Over and above that, in contrast to their predecessor private actors, these digital firms are providing both physical- and virtual-world products that are no less than oxygen for today’s modern societies. Delivering elementary goods and services by a government is one thing, providing cloud services and computing infrastructure by the herculean technology establishment is quite another. Hence, in the emerging digital world, it is mainly the digital space created by AI, 5G communication networks, and the Internet of Things (IoT) that would largely determine the economic future of nation states. Hitherto, telecommunication firms and financial institutions have, to a large number, emigrated to the digital space created by global cloud leaders; time is not far away when growing numbers of automobiles, production lines and, even, from county towns to metropolises, too. That is why Alphabet Inc, other than operating the world’s leading search engine – Google – and cellphone operating system – Android – is now venturing into telemedicine, robotics, autonomous automobiles, biotechnology and fibre optics, to name a few.

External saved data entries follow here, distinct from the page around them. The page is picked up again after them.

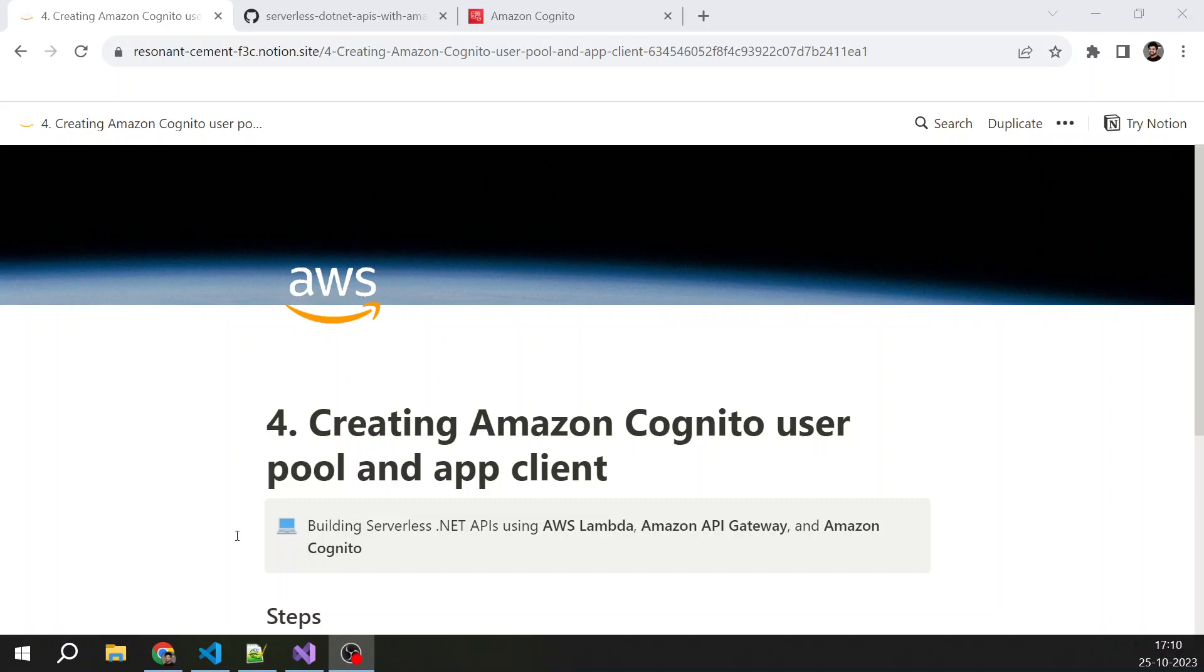Creating Amazon Cognito user pool and app client. Hello everyone. My name is Janku Zain and this is the fourth video of this series. If you have not watched other videos, then please do watch. I have provided all the links in the description below.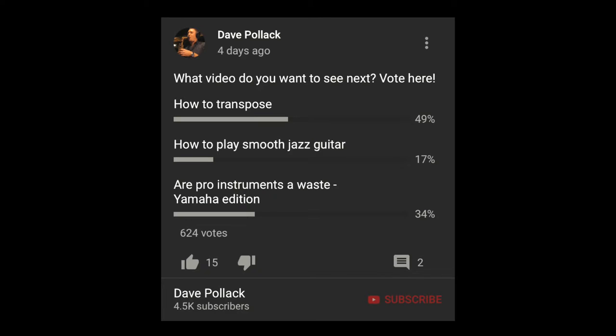Hey everyone and welcome back to another video. I put out a poll a couple days ago about what you guys wanted to see and this is the one you voted on. This is how to transpose. I'm not going to get into every single permutation of transposition and every single key, but I'm going to show you the ways that I use and teach when playing saxophone.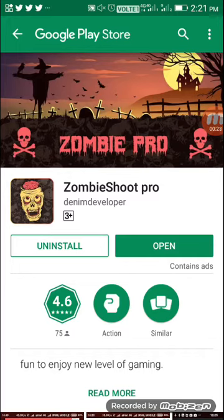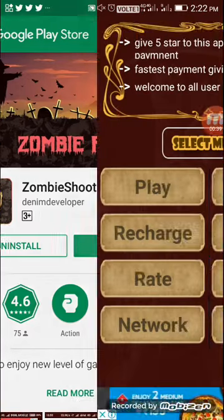You can download and install the app. You can download the app for the minimum payout and payment.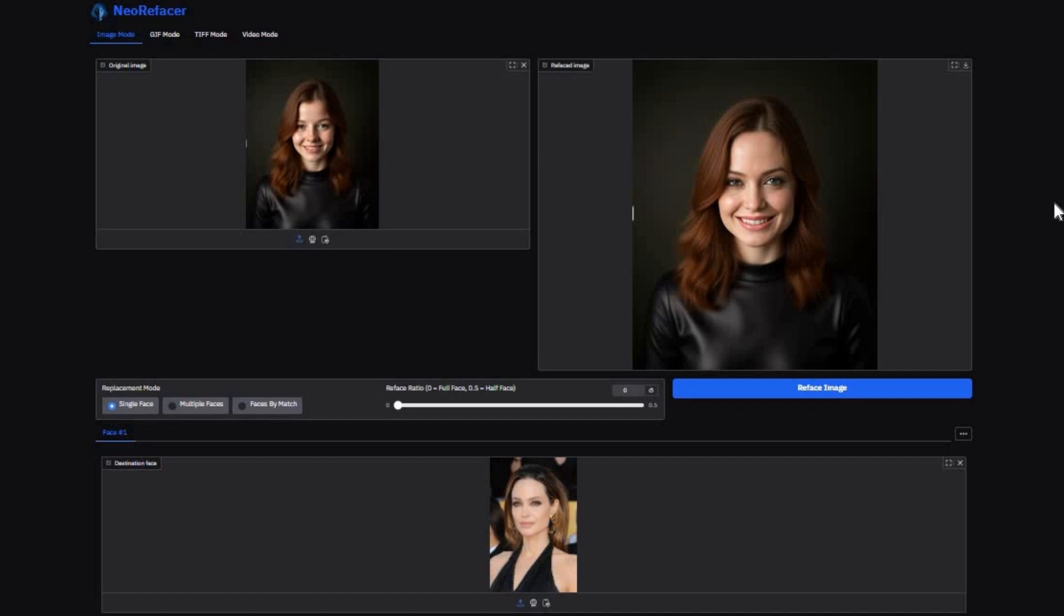Unleash the future of face swapping with NeoRefacer, the next-generation, fully open-source identity transformation tool.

In China, the same fields, together with social platforms, video-streaming networks and financial transaction systems, have been dominated by Alibaba and Tencent. By strengthening their partnership with the government-run Digital Silk Road project, the said companies are reaching out to emerging markets through maintaining undersea cables, projecting their applications, establishing telecommunication networks, and launching durable cloud facilities.

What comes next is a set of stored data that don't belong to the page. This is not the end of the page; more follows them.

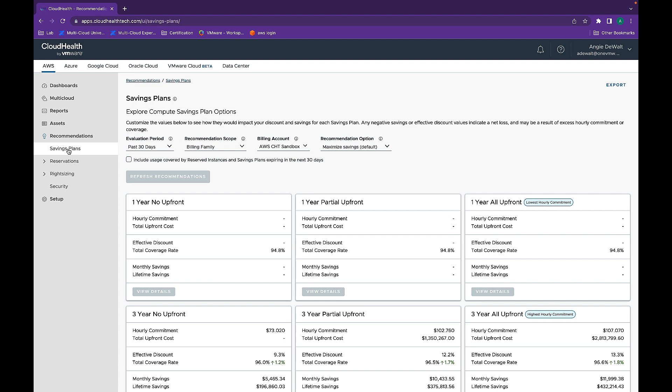While this sounds simple, planning for, purchasing, and fully utilizing savings plans adds complexity to your environment, especially when managed alongside previous reserve instance commitments.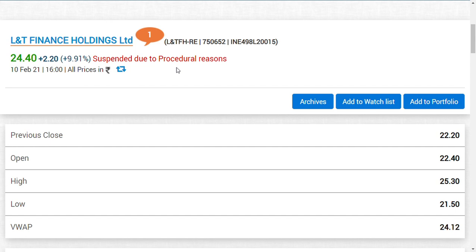How is RE price calculated? How is Right Entitlement price calculated? If you consider LNT Finance right, the right issue price of LNT was 65 rupees. The current market price, as of 10th February, of LNT Finance Holding original company was in the range of around 89.45 rupees.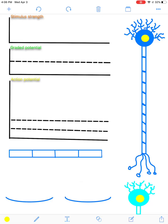Hey everybody, in this video I'm going to wrap up the whole process of neurotransmission, starting with the relationship between stimulus strength and graded potentials, and how that can lead to the creation of an action potential, and ultimately neurotransmitter release, and the signaling between two different neurons.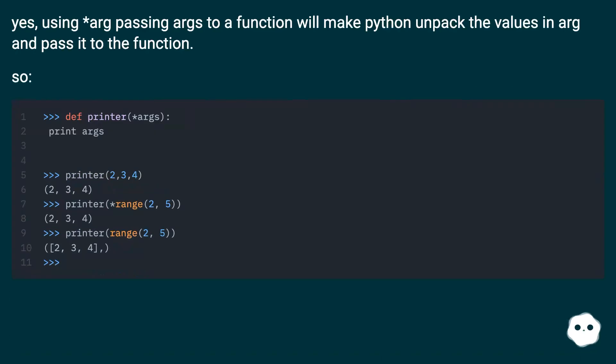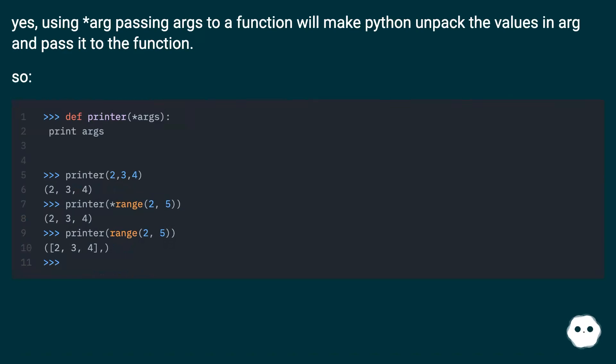Yes, using asterisk arg passing args to a function will make Python unpack the values in arg and pass it to the function.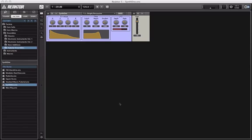Hello everyone and welcome to my first actual Reactor 5 tutorial, 5.5 specifically from Native Instruments.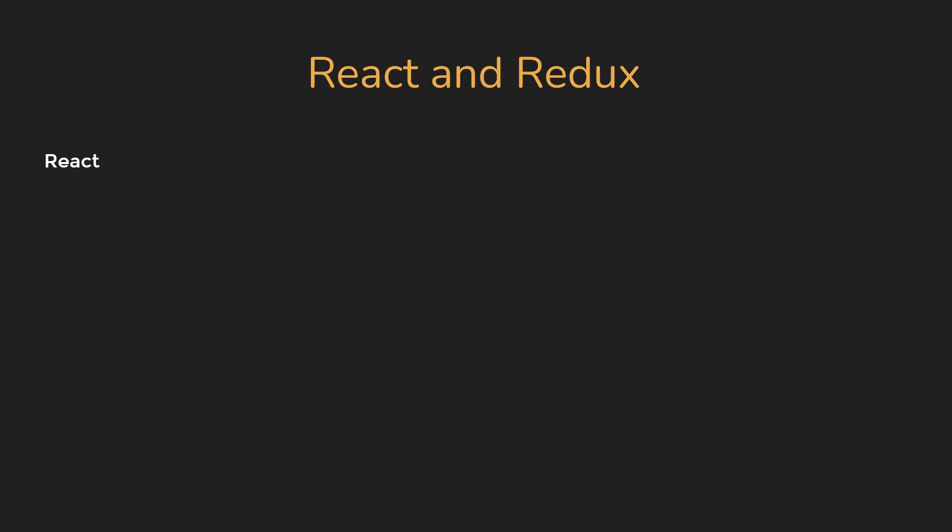Once you have class components and context out of the way, make sure to focus on React hooks. What was the need for hooks? And learn about the usage of useState, useEffect, and useContext as they are the most common hooks that even a junior dev ought to know.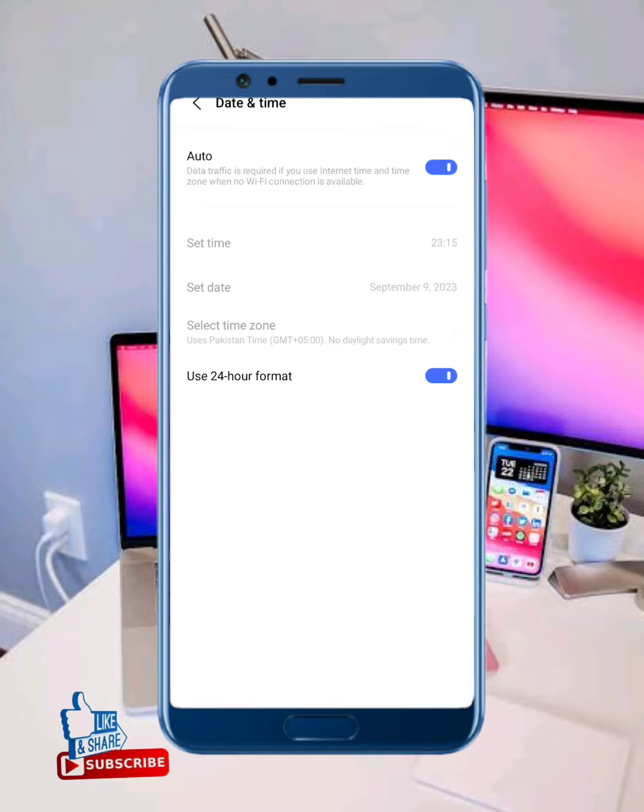Correct your date and time. Then move back and check if the problem is fixed or not. If your problem is not fixed after all this process, the last step: long press and hold your Cash App icon.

In the same vein, digital avenues have also transformed the domain of national security, which once was the sole area of governments and, to some extent, their arms and ammunition contractors. The historical role of arms suppliers has been to supply fighter jets and missiles to the armies, but, in the contemporary scenario, tech giants have assumed the responsibility of patrolling and policing the nation-states’ skies in digital space.
The change steered by digital technology is expeditious and inescapable. Over Asia, digital technology has been the foremost factor in revolutionising communities and propelling economic growth. Even so, escalating the speed of digital technology appropriation in Pakistan has never been well-timed. Be that as it may, with go-ahead strategies, our ambition for an advanced digital ecosystem is not something out of reach.
Published in The Express Tribune, March 5th, 2022.